In his new role as faculty director of advising, history professor Steven Zipperstein is thinking about thinking.
He envisions a one- or two-hour session that would help launch New Student Orientation: several heavy-hitters on the faculty would discuss a complex topic like abortion, then field questions. “They’d take on an issue that is enormously, massively difficult, and think aloud,” Zipperstein says. The exercise, he adds, would show students that “much of the fun at Stanford is intellectual labor.”
The first to hold the new half-time post, Zipperstein is guiding nothing less than the overhaul of the advising system. Faculty participation in freshman and sophomore advising has dropped from about 45 percent to 15 percent over the past 10 years. (Most advisers are staff; some are graduate students or local alumni.) And surveys by the Undergraduate Advising Center over the past three years indicate that between 25 and 35 percent of freshmen are not satisfied with the advising they’re receiving.
Take Darius Ameri. His adviser “has been okay, but not particularly helpful,” he says. “I usually go to the HPAC [head peer academic coordinator] in our dorm, and I tend to be pretty independent and self-reliant.” But for every Ameri, there’s a Megan Rowe and a Tim Chang, who are happy with their match-ups. “My adviser lets me know if I’m going to take anything bad, and it’s definitely been a good experience,” says Rowe. When Chang explained that he was unsure what type of engineering to select as a major, his adviser suggested attending colloquia and brown-bag seminars put on by different departments. “I never would have known to do that,” Chang says.
There clearly are dedicated and resourceful advisers. But according to John Bravman, vice provost for undergraduate education, there also is “a persistent complaint in some quarters about advising.” Bravman, ’79, MS ’81, PhD ’85, says he created the new position in part to respond to “a problem that is complex,” and because advising is “part of the core academic mission of the University.” The time had come, he says, “to appoint a faculty director of advising, just as we have a faculty director of the program in writing and rhetoric and of Introduction to the Humanities.”
Zipperstein spent autumn quarter talking with faculty, staff and students on the Farm, and visiting a number of other campuses to see how they approached advising. He liked the University of Pennsylvania’s system, where one-third of freshmen have advisers in their residences, and he was intrigued by the academic/residential role of Harvard’s assistant deans of freshmen. Over lunch with Wellesley’s class deans, Zipperstein learned how freshmen pick academic advisers from among the professors they study with in their first term. He is beginning to float the idea of establishing an all-frosh dorm with a residential dean who would be responsible for advising 400 to 500 students through their four years at Stanford.
Zipperstein also would like to boost the number of faculty who advise incoming students, but he says that is not “in and of itself a panacea.” Instead, he says, “I think the key is foregrounding academia at the very center of advising.”
He also knows recruiting faculty will be challenging.

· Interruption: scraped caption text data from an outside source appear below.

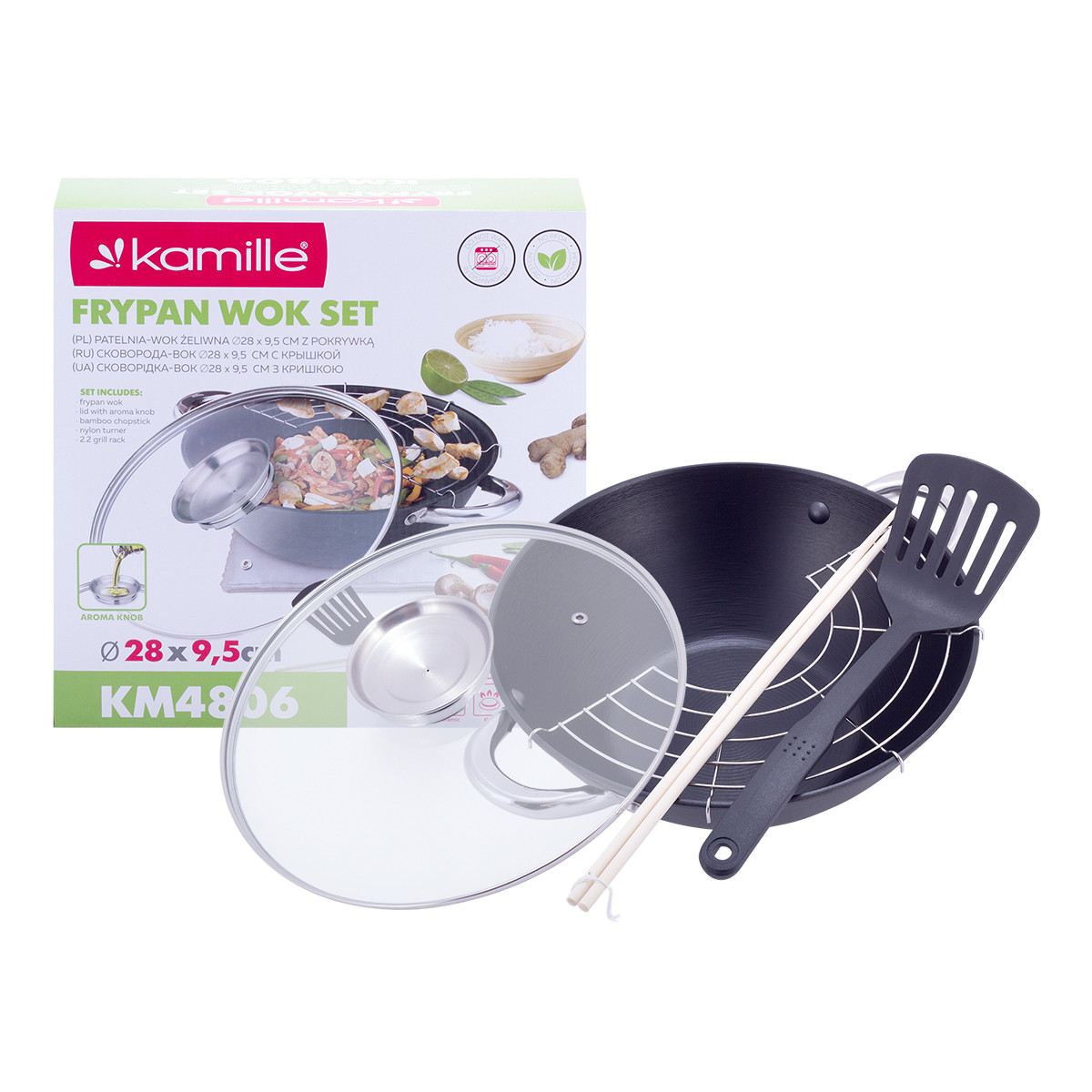 

Казан чугунный для плова Kamille с крышкой Wok с антипригарным покрытием для индукции и газа на 3.6 L 4806MR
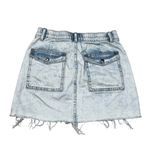 Aerie Cargo Micro Mini Acid Wash Raw Hem Denim Jean Skirt size XXS Photo 3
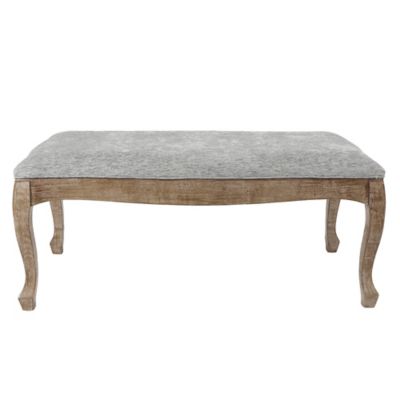 LuxenHome Upholstered Linen Entryway and Bedroom Bench, Gray
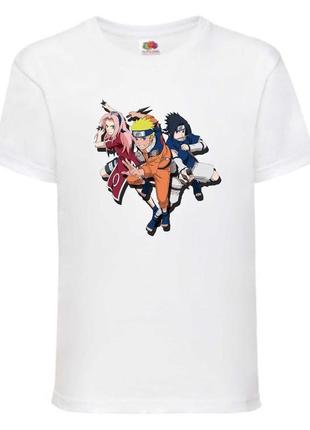 Футболка наруто (naruto - 0049) белая 104-116-128-140-152-164 размер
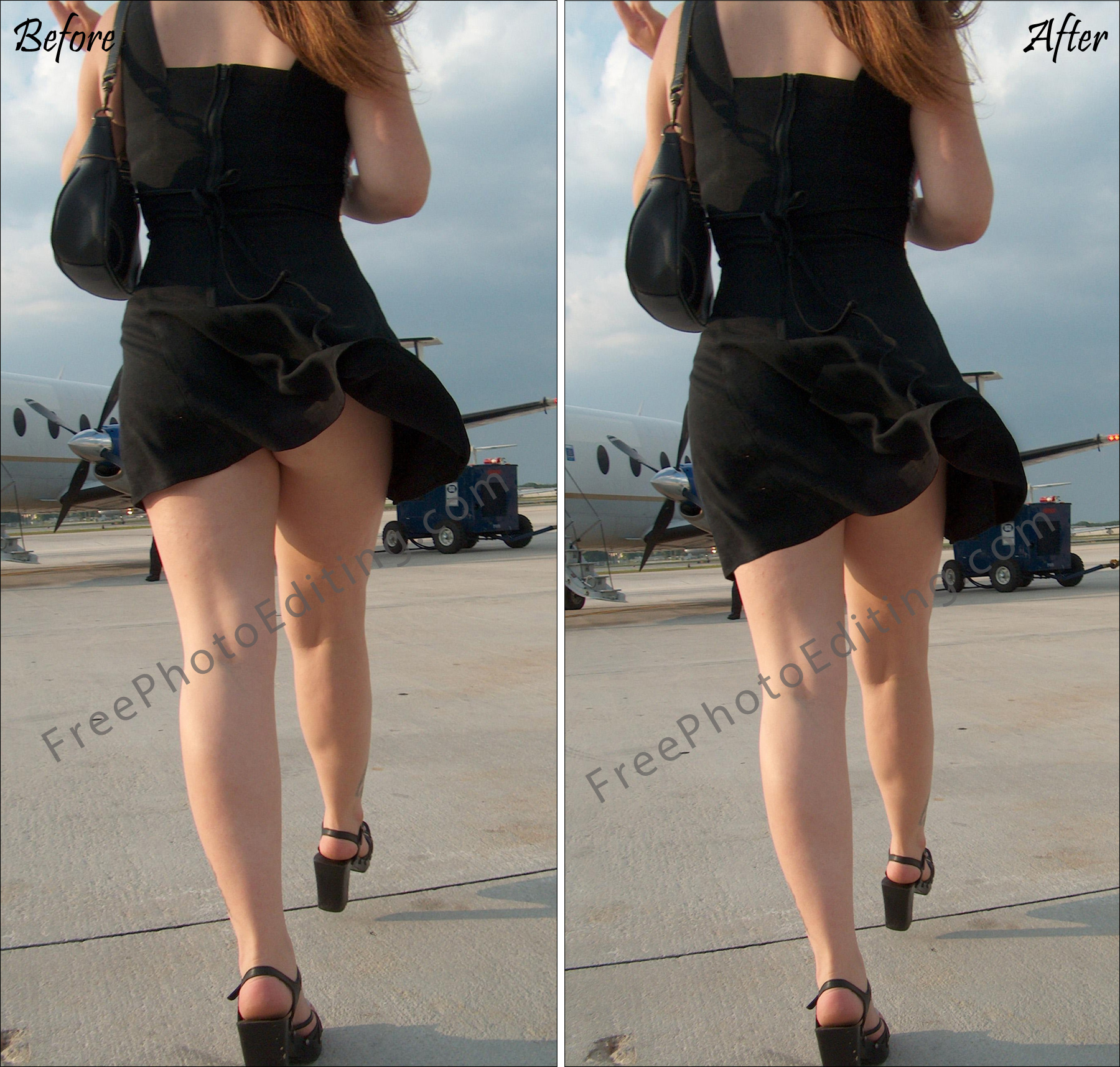 Touch up a photo that offends your sensibilties due to excessive and indecent exposure. View before and after samples.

Tom Wasow, for example, has had it. The linguist spent more than 20 years advising freshmen, dating back to his days as an assistant professor. The director of the symbolic systems program says he loved the interaction, and recalls that “there were a couple of occasions in which I was able to play a really important role in a student’s life, helping him or her with a decision that would have repercussions for many years.” Wasow continued to advise freshmen even as their interest appeared to wane in recent years. Then came last year’s written evaluations, which “brought home how little most students valued my efforts.” Wasow took his name off the UAC list, and now devotes his mentoring time exclusively to his own sym sys majors.
Zipperstein hopes to change faculty reluctance to advise—perhaps with financial incentives for research, or by cutting back on the social obligations that have come to be associated with advising. He envisions each adviser—faculty or otherwise—accepting responsibility for eight to 10 undergraduates. Their job would be to set an intellectual tone, “not to master information about the distinction between Chem 201 and 202,” he adds. “Part of the key to the success of this endeavor is to foreground intellectual activity without losing the panache that Stanford has.”